### INFORMATION PROVIDED
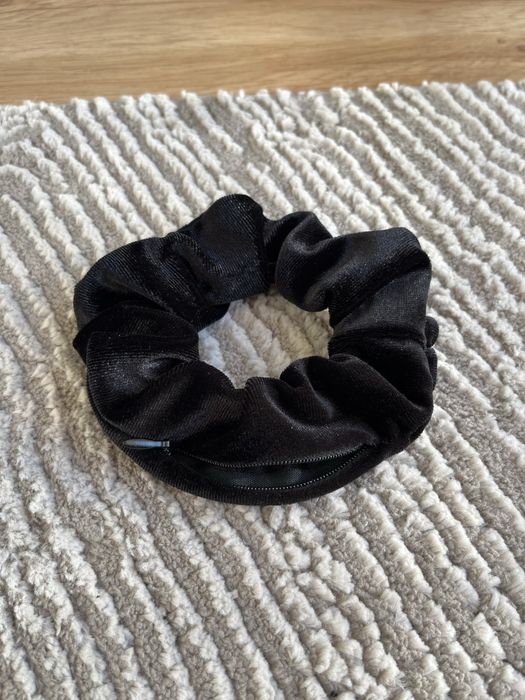 Czarna gumka do włosów ze schowkiem kieszonką na zamek na klucze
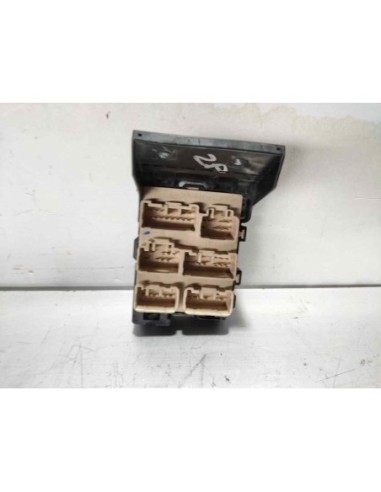 CAJA RELES / FUSIBLES TOYOTA COROLLA VERSO (R1)...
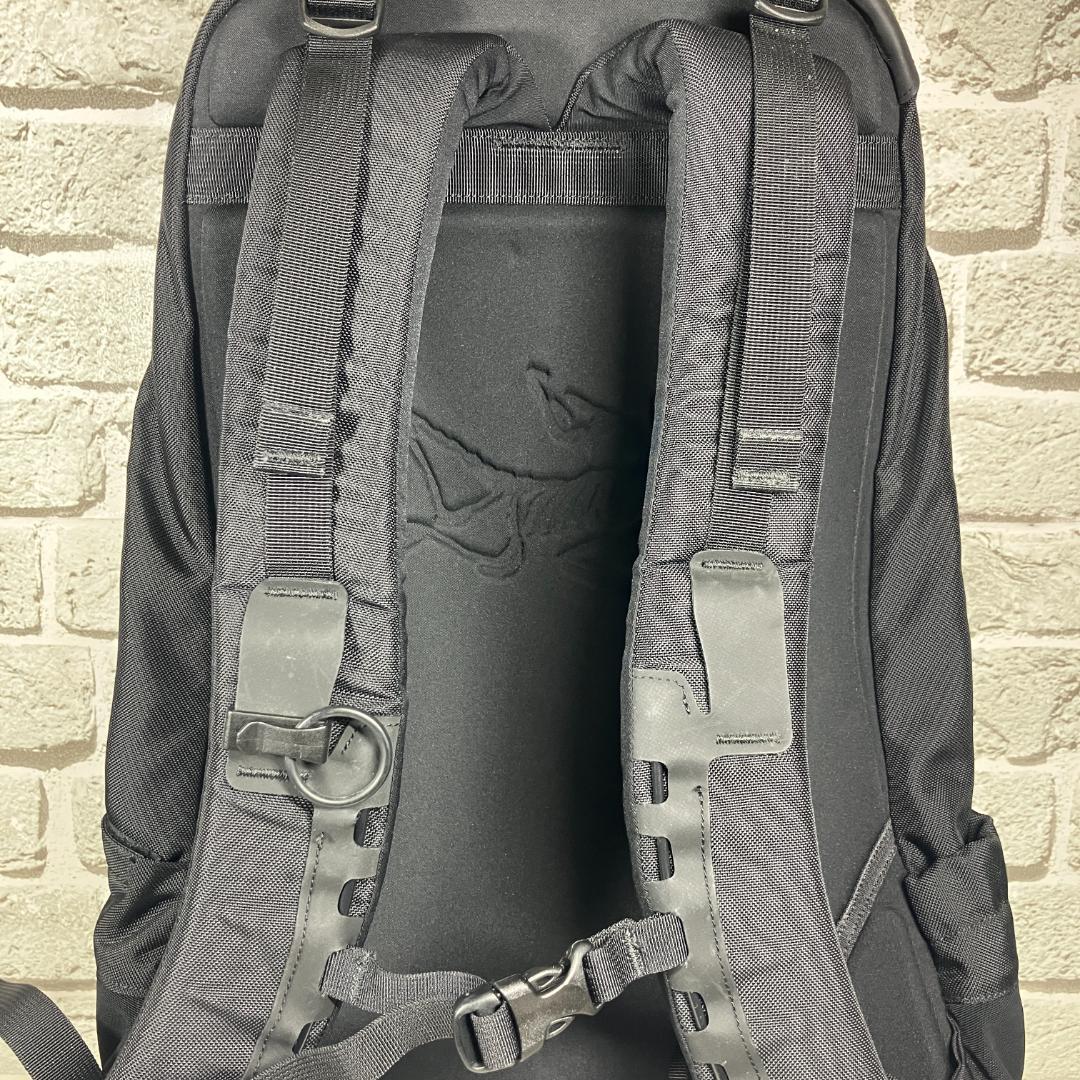 アークテリクス Arro 22 Stealth Black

### TASK INSTRUCTIONS
Your answer should be the lines from the line containing "CAJA RELES /" through the end of the listing above, output exactly and alone, without the pictures.

### EXERCISE RESPONSE
 CAJA RELES / FUSIBLES TOYOTA COROLLA VERSO (R1)...
 アークテリクス Arro 22 Stealth Black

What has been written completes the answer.